The Ultra Alignment project contains a series of datasets, models and methods to align large language models.
UltraChat
We introduce UltraChat, a large-scale dataset designed for training AI assistants, featuring 1.5 million high-quality, diverse multi-turn dialogues without human queries. Leveraging UltraChat, we fine-tuned a LLaMA model to create UltraLM, a powerful conversational model.
UltraFeedback
We introduce UltraFeedback, a large-scale, diversified dataset enhancing Reinforcement Learning from Human Feedback (RLHF) in language models.
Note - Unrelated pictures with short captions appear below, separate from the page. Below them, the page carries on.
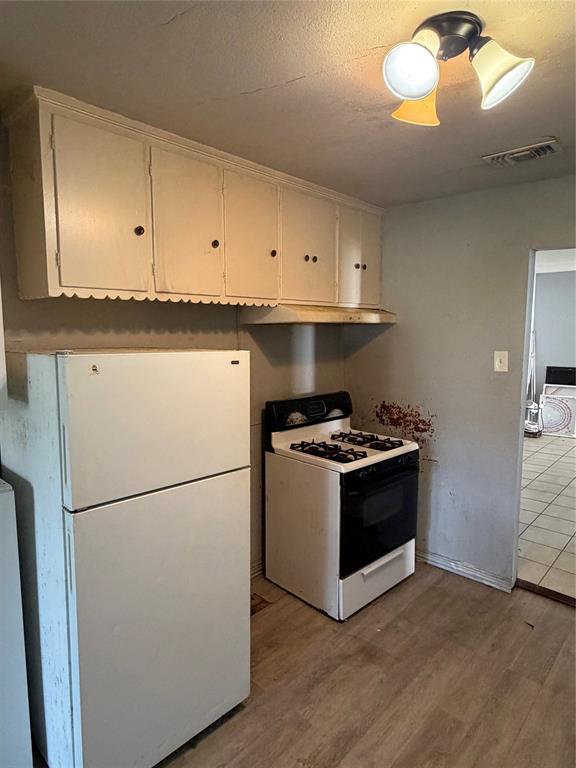 ENGLEWOOD HEIGHTS - Residential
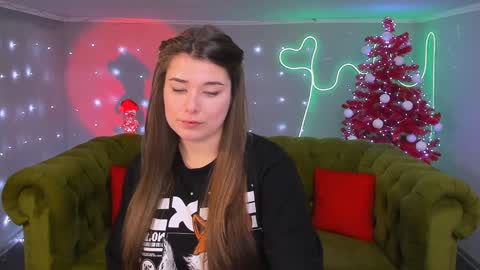 Ari online show from December 2024 12:20:02 PM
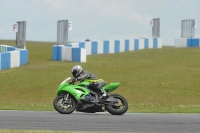 Motorcycle-action-photographs;donington;donington-park-leicestershire;donington-photographs;event-digital-images;eventdigitalimages;no-limits-trackday;peter-wileman-photography;trackday;trackday-digital-images;trackday-photos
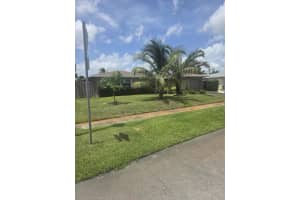 7751 44th Court, Lauderhill, FL 33351 - MLS#B26036562
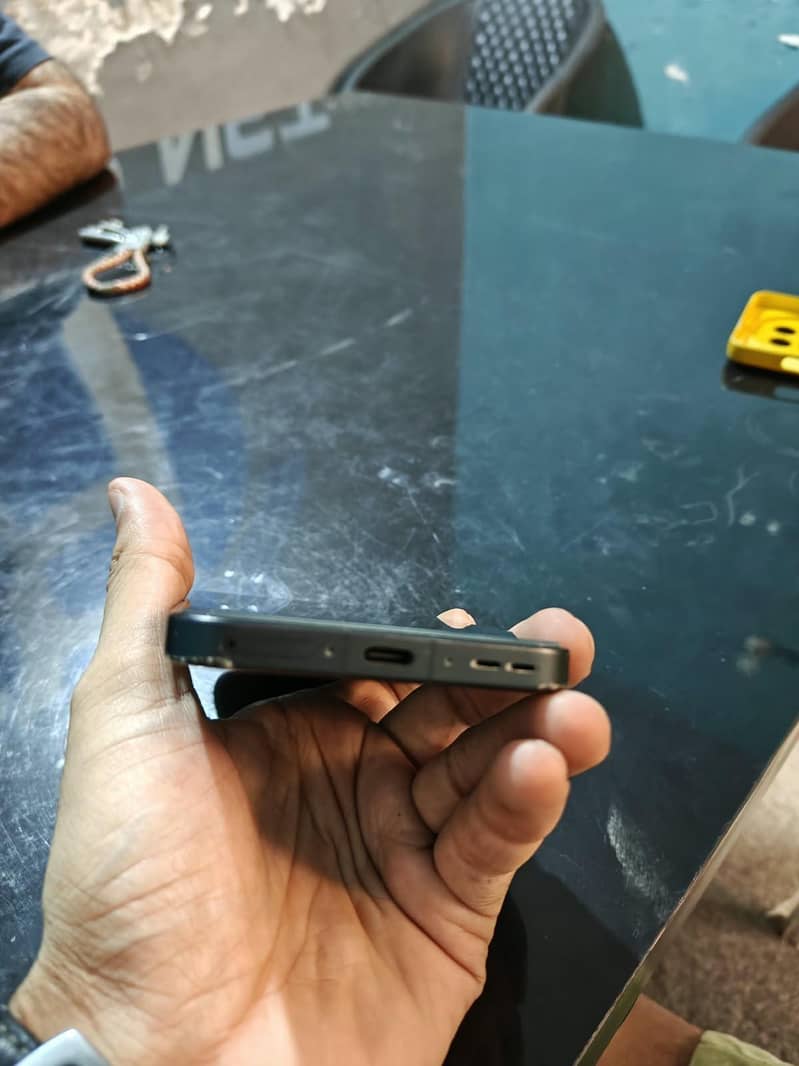 One Plus 13T 12/256 globe version 1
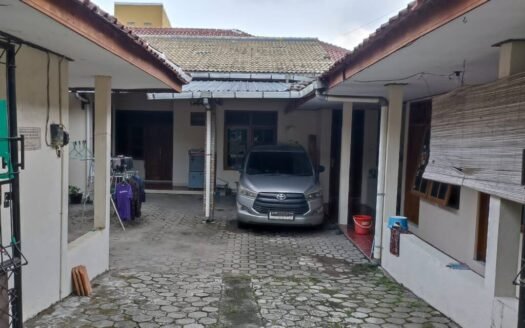 Jual Rumah Induk, Unit Kost Aktif, dan Paviliun terpisah di Wonocatur, Banguntapan, Kabupaten Bantul, Yogyakarta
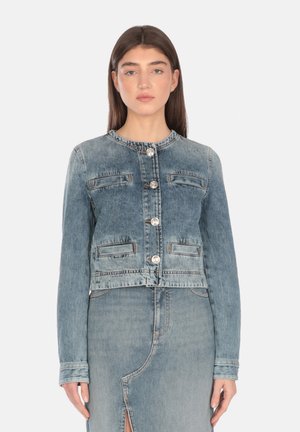 Giacca di denim azzurro chiaro con maniche lunghe, collo arrotondato, chiusura frontale con bottoni e due tasche a toppa. Presenta un design cropped.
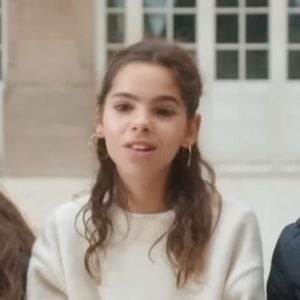 Leur fille Lila, 14 ans, participe à "The Voice kids"

Lila Debbouze (en blanc), la fille de Mélissa Theuriau et Jamel Debbouze, fait une première apparition remarquée à la télévision dans le documentaire Le Temps des femmes, diffusé sur France 2 et produit par sa mère. © Capture TV France 2 via Bestimage | 00762155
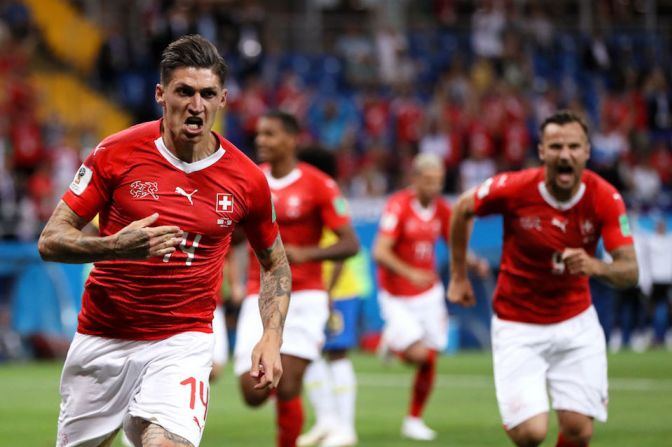 Zuber celebra el gol con el que Suiza empató a Brasil.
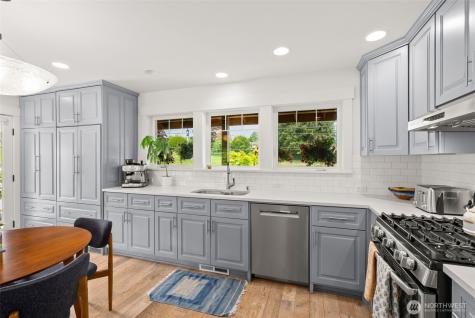 518 Antonson Lane NE Poulsbo WA 98370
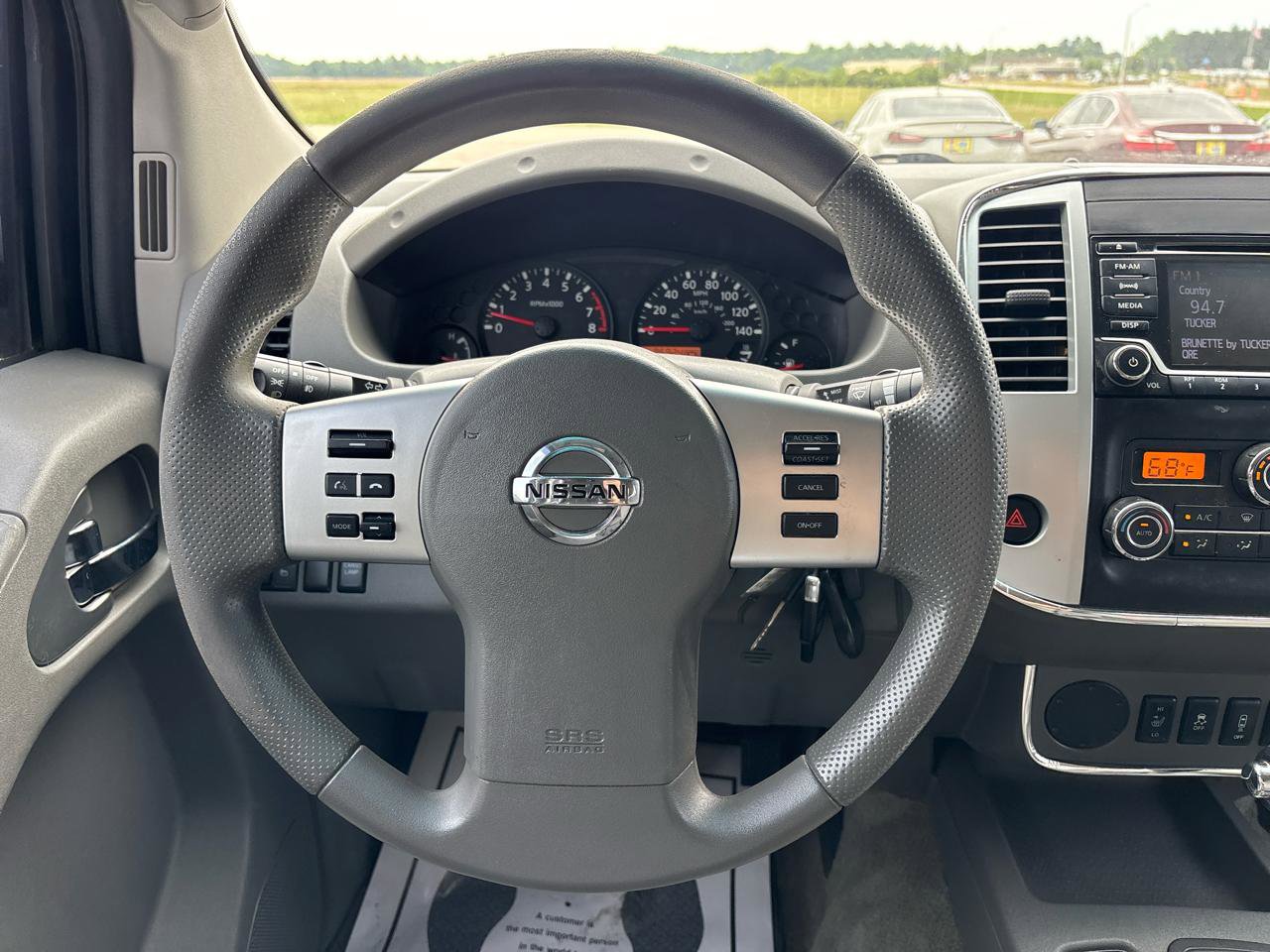 Used 2015 Nissan Frontier SV w/ SV Value Truck Package RWD image 13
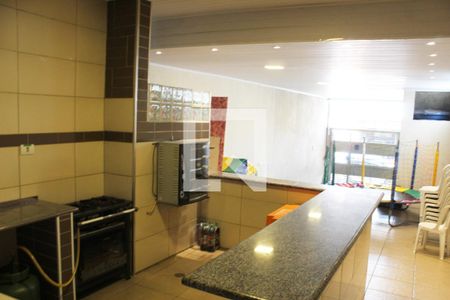 Casa para alugar com 200m², 2 quartos e 2 vagasSalão de Festas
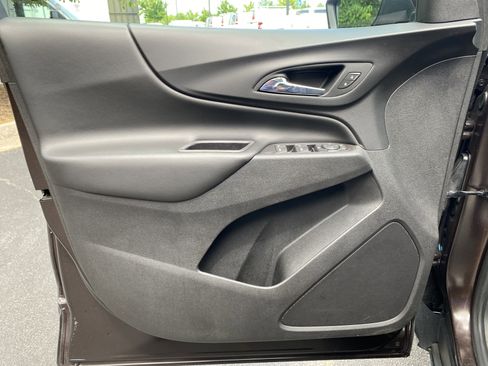 Used 2020 Chevrolet Equinox LT FWD image 15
Addressing the scarcity of diverse preference data, it combines various instructions and models for comparative data. We trained models like UltraRM, UltraLM-13B-PPO, and UltraCM using it.
UltraLM-13B
First version of UltraLM, finetuned with UltraChat dataset on Llama-13B. Ranked 1 on AlpacaEval on Jun 28.
UltraLM-13B-v2.0
Second version of UltraLM, finetuned with UltraChat dataset on Llama2-13B and aligned with RL by UltraFeedback. Ranked 1 on AlpacaEval on Nov 28.
Falcon-180b-Chat
Falcon-180B-Chat is a 180B parameters causal decoder-only model built by TII based on Falcon-180B and finetuned on a mixture of Ultrachat, Platypus and Airoboros.
Zephyr-7B
Zephyr is a series of language models that are trained to act as helpful assistants. Zephyr-7B-β is the second model in the series, and is a fine-tuned version of mistralai/Mistral-7B-v0.1 that was trained on on a mix of publicly available, synthetic datasets using Direct Preference Optimization (DPO).